Needing three putts from 20 feet to win, Nakajima finished in style by making the birdie putt after Kho had put his second shot on the 18th at Dubai Creek into the water.

Nakajima becomes the third Japanese player to win the Asia-Pacific Amateur, joining close friend Takumi Kanaya (2018) and Masters champion Hideki Matsuyama (2010 and 2011). The victory earned him a spot in the Masters in April at Augusta National.

He already is in the U.S. Open at Brookline and The Open at St. Andrews from winning the Mark H. McCormack medal as No. 1 in the world amateur ranking.

Kho, the No. 220 player in the amateur ranking and a senior at Notre Dame, ran off five birdies in a six-hole stretch starting on the ninth hole and closed with a nervy 6-foot par putt for a 65. The 20-year-old from Hong Kong finished 64-65.

Nakajima was in control in the final round until a double bogey from the bunker at the turn. He had three birdies on the back nine and then needed one more on the 18th to win.

That’s when the senior at Japan Sports Science University was tested.

His tee shot sailed right into the sandy area. With a strong breeze in his face and water guarding the front of the green, he hit the front of the green and two-putted from 35 feet for his 68 to join Kho at 14-under 270.

In the playoff, Nakajima went even further right into the waste bunker, while Kho had a short iron from the middle of the fairway. The Japanese star again found the green some 30 feet away and made par. Kho’s birdie putt to win ran 4 feet by, and he made that for par.

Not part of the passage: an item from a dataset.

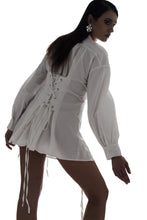 Load image into Gallery viewer, Asymmetrical Lace Up Shirt Dress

Nakajima finally hit the fairway on the second extra hole, while Kho hit into the waste area close to the steep lip. His shot grazed the lip and came up short into the water.

“I caught it a hair thin,” Kho said. “I did everything I could to hit a good shot. It just didn’t turn out my way.”

Nakajima raised his putter slightly when his birdie putt fell, and the celebration was on. His Japanese teammates doused him with water, and before long he was in tears. And then he turned and bowed to the course, much like Matsuyama’s caddie at Augusta National, a touching moment of respect.

It was the second straight playoff for the Asia-Pacific Amateur, with Yuxin Lin of China winning in 2019 over Kanaya.

Lin, a junior at Florida, was trying to become the first three-time winner and started one shot out of the lead. But he took at triple bogey on the second hole, and his chances ended for good with a double bogey on the 15th. He closed with a 71.

Wooyoung Cho of South Korea shot 65 and Oklahoma State sophomore Bo Jin had a 68 to tie for third, two shots out of the lead.